As part of the effort to address this problem, surgeons at Northwestern Medicine successfully split a deceased donor liver into two parts, transplanting one portion into the intended recipient and the smaller segment into a patient with metastatic colorectal cancer who could not find a suitable living donor. “The smaller segment was allowed to grow inside of the patient for two weeks, after which we went back in and removed the rest of the cancer,” says Satish Nadig, MD, PhD, transplant surgeon and director of the Northwestern Medicine Comprehensive Transplant Center. “This marked a milestone in the United States.”
Continue reading below for the full patient story.
A CLEAR Option
This unique treatment option is known as resection and partial liver transplantation with delayed total hepatectomy (RAPID).
It is now available for select patients who have advanced colorectal cancer with liver metastasis through a clinical program at Northwestern Medicine called Colorectal Metastasis to Liver Extraction with Auxiliary Transplant and Delayed Resection (CLEAR).
“The CLEAR program is exciting and unique because it serves an unmet need in a particular patient population,” says Dr. Nadig. “Because liver transplantation for colorectal cancer is not done at many centers around the country, the current organ allocation system does not prioritize these patients, and they end up falling lower on the waitlist.”
By offering this procedure, the CLEAR program provides an innovative pathway to treatment for patients with cancer who might not survive the wait for a traditional transplant.
1 Donated Liver Split for 2 Patients
In December 2021, 50-year-old Barclay Missen of Chicago was experiencing some minor abdominal discomfort when he came to Northwestern Memorial Hospital for a colonoscopy. To his surprise, doctors found a large tumor in his colon and diagnosed him with stage 4 colorectal cancer — the disease had spread to his liver.

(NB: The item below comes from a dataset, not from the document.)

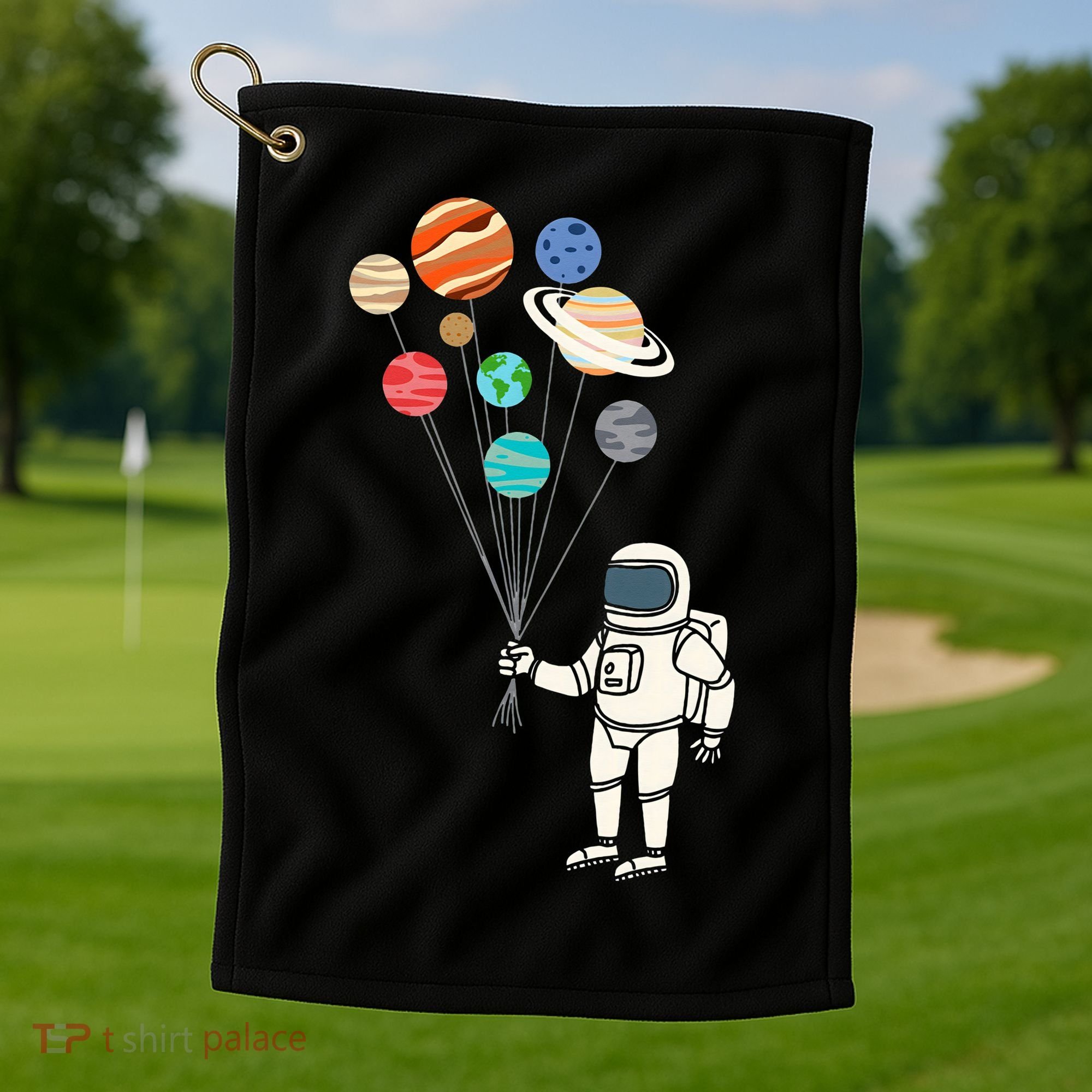 Astronaut Planets Balloons Funny Solar Space Birthday Party Golf Towel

Barclay’s medical team was able to slow the progression of the disease by using chemotherapy, removing the cancerous part of the colon (known as a colon resection), and destroying cancer cells in the tumor through minimally invasive liver ablations. However, it was only a matter of time before the cancer became resistant to treatment.

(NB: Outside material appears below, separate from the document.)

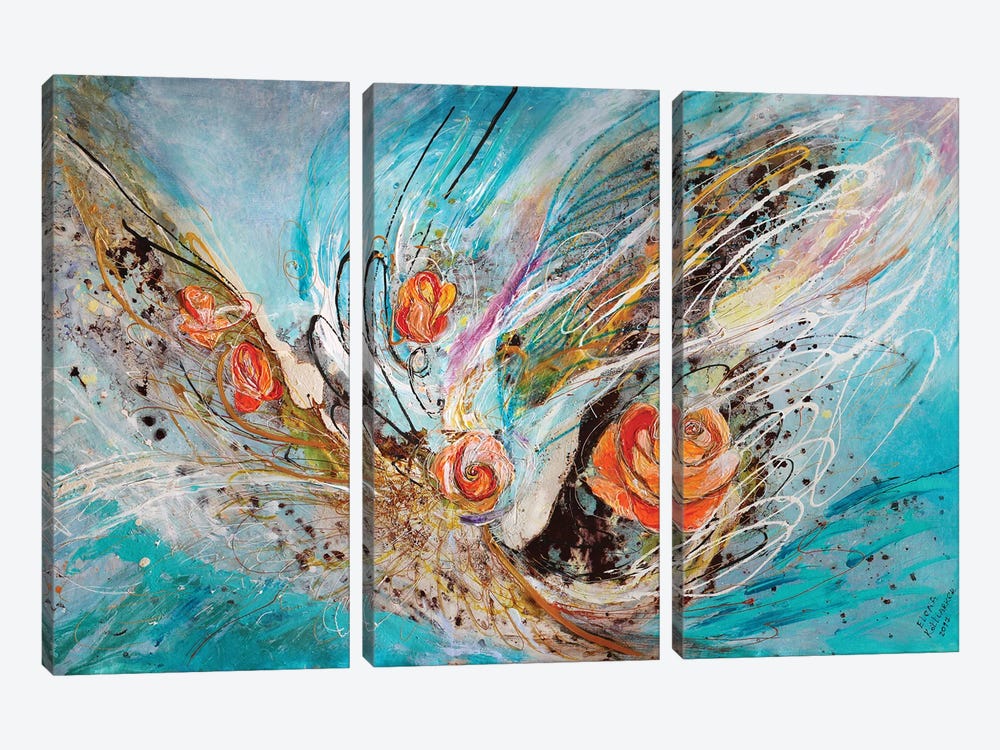 The Angel Wings X. The Five Roses by Elena Kotliarker 3-piece Canvas Artwork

By April 2024, the disease had severely damaged his liver and he learned he would need a transplant. Though friends and family volunteered as donors, none were a suitable match for Barclay.

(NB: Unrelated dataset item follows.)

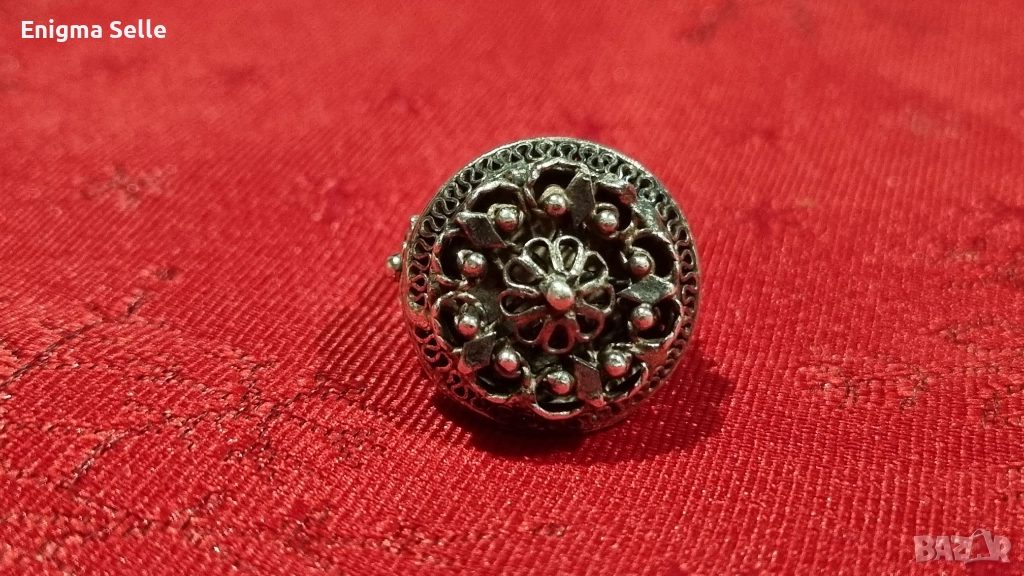 Възрожденски филигранен сребърен пръстен, снимка 1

In October 2024, Barclay matched with a deceased donor liver that had been assigned to another Northwestern Medicine patient, Kelli Podrez of Hanover Park, Illinois. Kelli, who was 57 at the time, was listed higher on the transplant waitlist due to severe liver scarring (cirrhosis). She agreed to share a piece of the liver that had been allocated to her.
“My medical team told me that the liver is like the skin; it regenerates and grows,” says Kelli. “If I could survive without the whole organ and help save someone’s life, why not share it?”
With Kelli’s consent, surgeons worked for eight hours to remove a graft from the deceased donor liver, roughly the size of a human hand. While surgeons split the organ, a machine pumped warm, oxygenated blood through the liver to keep it healthy. The larger portion was then transplanted into Kelli.

One operating room over, a separate team of surgeons removed half of Barclay’s cancerous liver to make space for the smaller graft. Since this piece was too small to support Barclay on its own, the surgeons left half of his cancerous liver in place to provide enough liver function for him to survive. Once they sewed in the new piece, they directed blood flow to the area to encourage it to grow as quickly as possible. Within two weeks, Barclay’s new liver had nearly doubled in size — large enough to sustain him on its own.
A RAPID Procedure
Barclay became the first patient at Northwestern Medicine to receive a liver transplant through the RAPID surgical technique. After receiving the donated liver, Barclay shows no signs of cancer in his body and does not require any further cancer therapy. Kelli’s new liver is also working well.

“We are excited to offer RAPID as an option through the CLEAR program,” says Zachary C. Dietch, MD, a transplant surgeon at Northwestern Medicine. “The entire goal of the program is to make it easier for patients with advanced colorectal cancer to get a liver transplant. We know that transplant is a life-saving option for these patients, especially if the cancer is otherwise confined to the liver. Without it, five-year survival with chemotherapy is just 10%, but that survival can reach 80% with a liver transplant.”